Colonel, Comdg. Eighty-eighth Indiana Volunteers.

Brigadier-General CARLIN,

Comdg. First Brig., First Div., 14th Army Corps.

No. 138.

Report of Colonel Anson G. McCook, Second Ohio Infantry.


Chattanooga, Tennessee, November 30, 1863.

CAPTAIN: In compliance with orders, I have the honor to report the movements of the regiment from the 23rd to the 29th instant, inclusive.
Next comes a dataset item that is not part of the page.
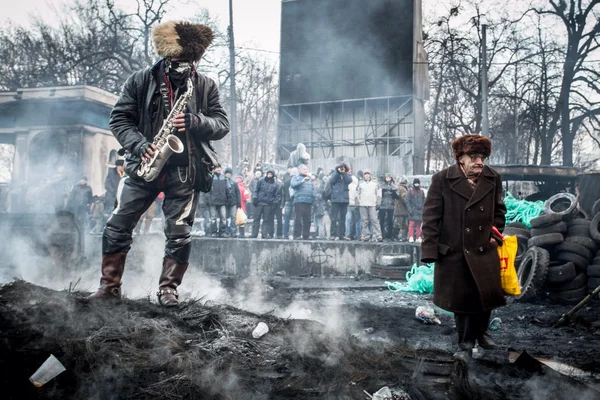 Armistice, ceasefire, Euromaidan, construction barricade, Grushevskogo — Stock Photo, Image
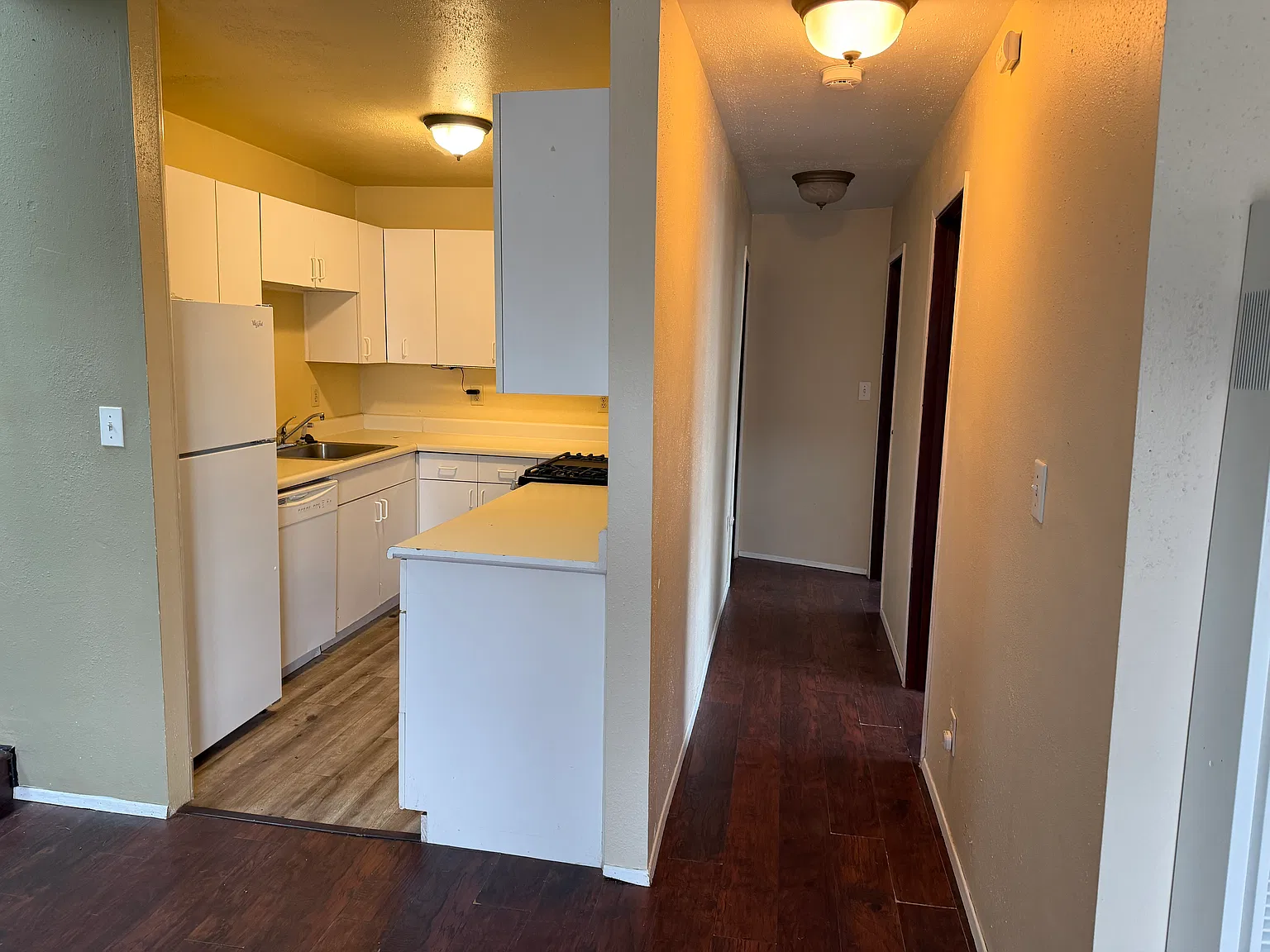 Walnut St, Everett — Photo 2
On the night of the 23d, I was, by your orders, placed in the outer line of intrenchments, remaining there all night, moving out and forming line immediately in front of the star fort on the morning of the 24th, where I remained until about 3 p.m., when, by your order, I moved in connection with the balance of the brigade across the mouth of Chattanooga Creek and up the slope of Lookout Mountain to the assistance of Major-General Hooker's troops. Shortly after the line had been formed near the white house, and at about 8 p.m., you directed me to move with my regiment to the assistance of the Thirty-first Iowa, at that time severely engaged and threatened with a flank movement on the left. I immediately did so, taking up a position on the left and slightly in advance of that regiment. The night-time and the difficult nature of the ground made it impossible to move in the order I should have wished to, and before an opportunity offered of throwing forward skirmishers, and hardly had my line been formed, when I was heavily attacked by a concealed enemy at not to exceed 75 yards. I opened my fire, and, after a very spirited engagement of twenty or thirty minutes, silenced their fire, not, however, without having suffered some loss. During the temporary cessation of firing, I directed the men to throw up works of stone and logs, which was speedily done, and answered, in the subsequent attacks, a good purpose. By this time the Forty-second Indiana, Lieutenant-Colonel McIntire, had been directed by you to form on my left, and, in connection with the Eighty-eighth Indiana, Lieutenant-Colonel Briant, materially assisted in repulsing every effort of the enemy. We were attacked vigorously two or three times, and until the enemy evacuated, at between 12 and 2, were constantly annoyed by their sharpshooters. The mountain side is almost perpendicular, covered with huge bowlders, fallen trees, and obstacles of almost every nature, and is capable of a very strong defense, of which fact the enemy availed himself, having thrown up a very strong and effective line of works, from which he was finally compelled to fall back.

My loss (as per abstract attached) in this night attack was 2 commissioned


*Embodied in revised statement, p.84.